The Mudcat Café TM
Thread #170815 Message #4132094
Posted By: Georgiansilver
12-Jan-22 - 10:28 AM
Thread Name: BS: Joke Thread for 2022
Subject: RE: BS: Joke Thread for 2022
Since you appreciated the marathon of one liners.... here are some more which are all connected with singers/groups.
I was de-cluttering so I threw out all my Dusty Springfield memorabilia. Now ‘I just don’t know what to do with my shelf’ !.
My ex wife claimed to be Monkees biggest fan. At first I didn’t believe her ‘’And then I saw her face’
Prince took an airline company to court over missing luggage.
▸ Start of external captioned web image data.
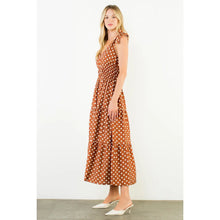 Tie Strap Long Polka Dot Dress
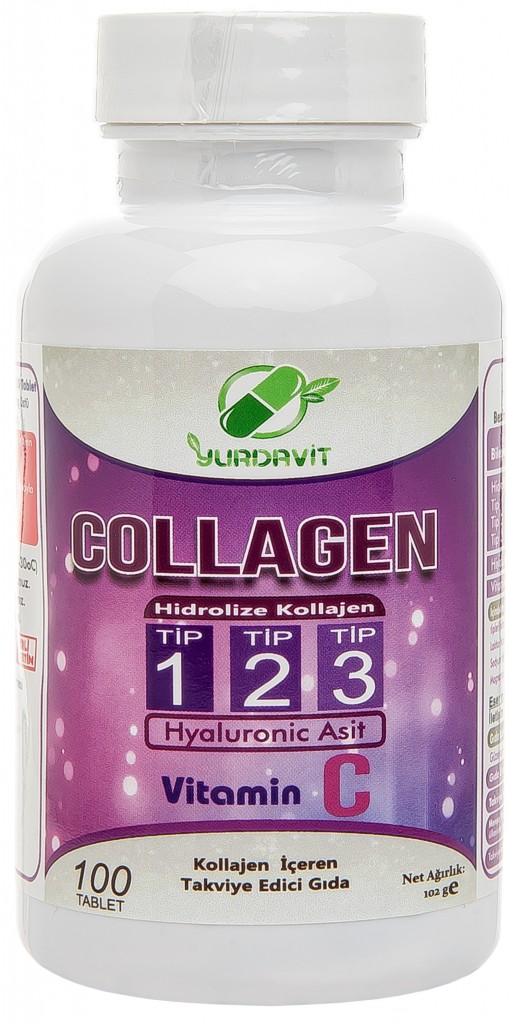 Yurdavit Hydrolyzed Collagen Type 1-2-3 100 Tablet Hyaluronic Acid Vitamin C Hidrolize Kolajen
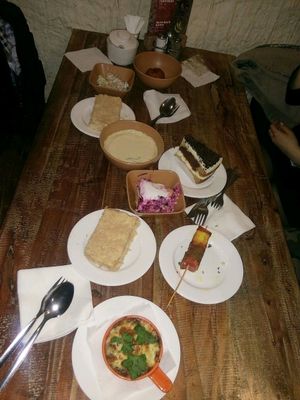 шашлык, жульен, салат "под шубой", салат "оливье", пирожное "наполеон", торт "нежность"  at Jagannath na Taganke in Moscow
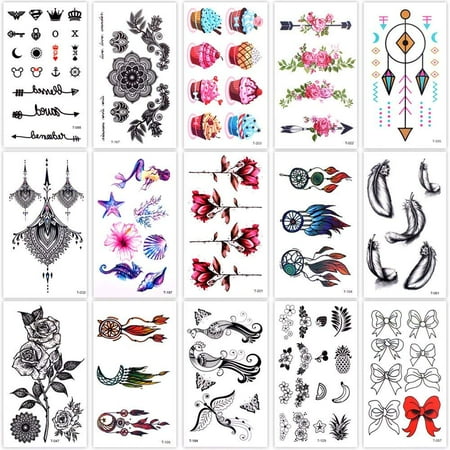 Lady Up 15 Sheets Temp Body Art Temporary Tattoos Fake Tattoo for Women Men Kids Dreamcatcher Boho Cupcake Flower Pattern (Best Flower Tattoo Designs)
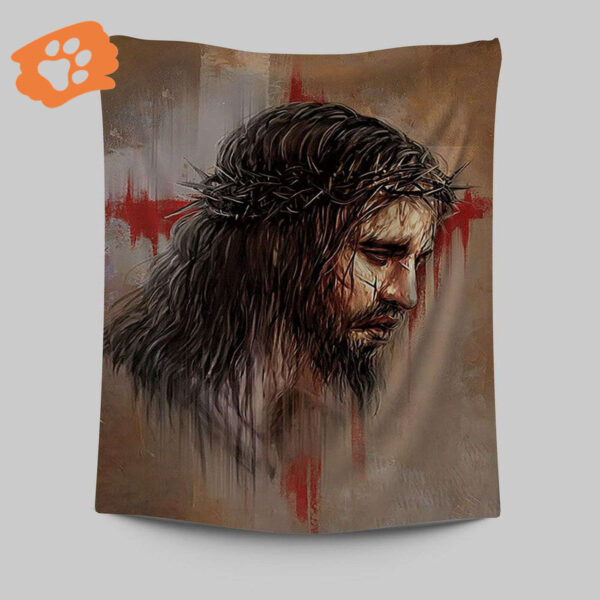 Jesus Paid It All Thorn Of Crown Tapestry: Christian Bible Verse Wall Art for Religious Home Decor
He lost his case.
I used to be obsessed with Phil Collins songs but ‘Take a look at me now’!!
I had my photo taken with the group REM. ‘’That’s me in the corner’’!
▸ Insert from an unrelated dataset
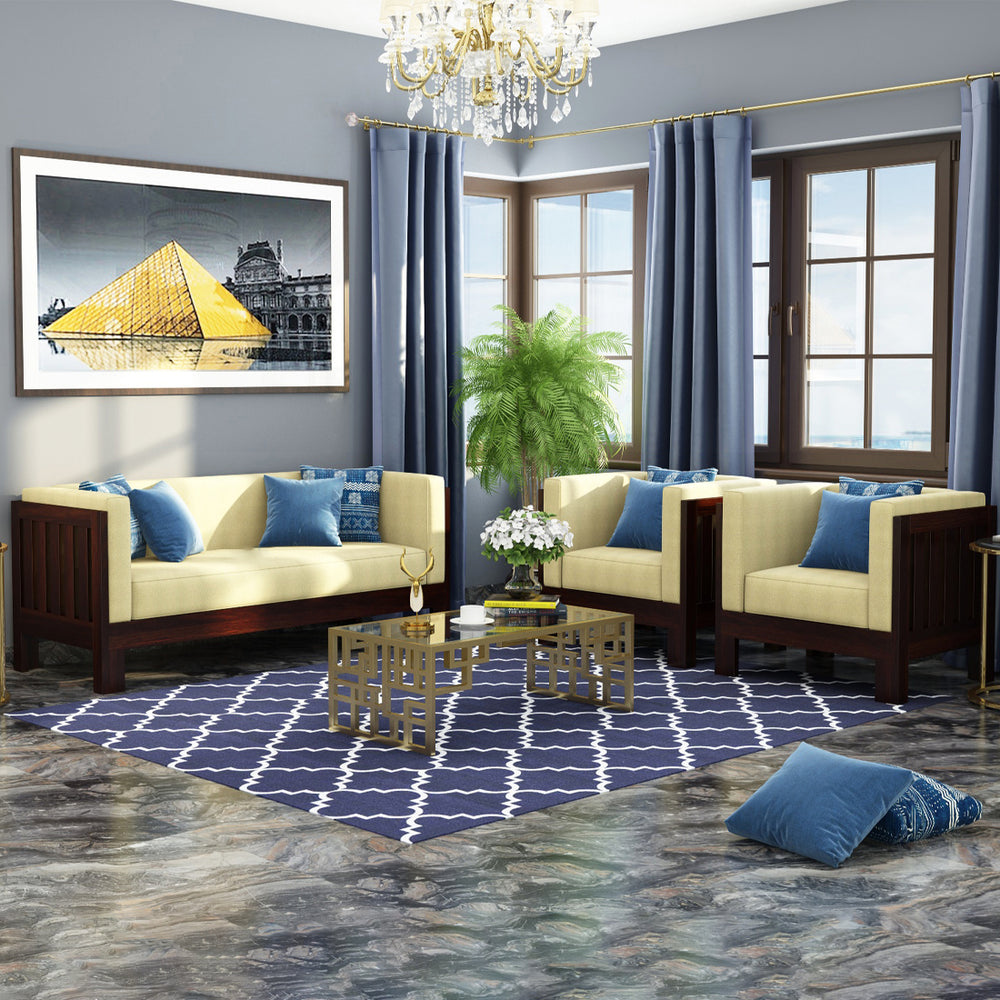 Prashiv 2+1+1 Seater Wooden Sofa (Creame Colour, Walnut Finish)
I thought I heard two onions singing a Bee-Gees song in my fridge. When I opened the door I realised it was the chives talking.
The Doctor told me I have Tom Jones Syndrome. I asked him ‘’Is it rare’’? He replied ‘’It’s not unusual’’!
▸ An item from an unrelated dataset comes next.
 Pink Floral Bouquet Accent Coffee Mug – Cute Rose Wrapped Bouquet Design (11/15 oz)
I used to think I loved Joni Mitchell but it turns out ‘’I really don’t know love at all’’
I tried to stop my ex going to the Englebert Humperdinck concert but she said ‘’Please release me, let me go’’.
I bought a U2 Sat Nav but it’s useless…. ‘The streets have no name’ and ‘I still haven’t found what I’m looking for’
No-one wants to listen to ‘Whitesnake with me ‘’So here I go again on my own’’
Elton John has bought a treadmill for his pet rabbit. ‘’It’s a little fit bunny’’.
My friend Joe went on the ‘Dolly Parton’ diet. It made Joe lean, Joe lean, Joe lean, Joe lean.
I just received a confirmation text that I have won £200 or tickets for an Elvis tribute night…….. it said to press ‘’One for the money, two for the show’’
Joined a Carpenters study group last week. Not done anything yet ‘’We’ve only just begun’’.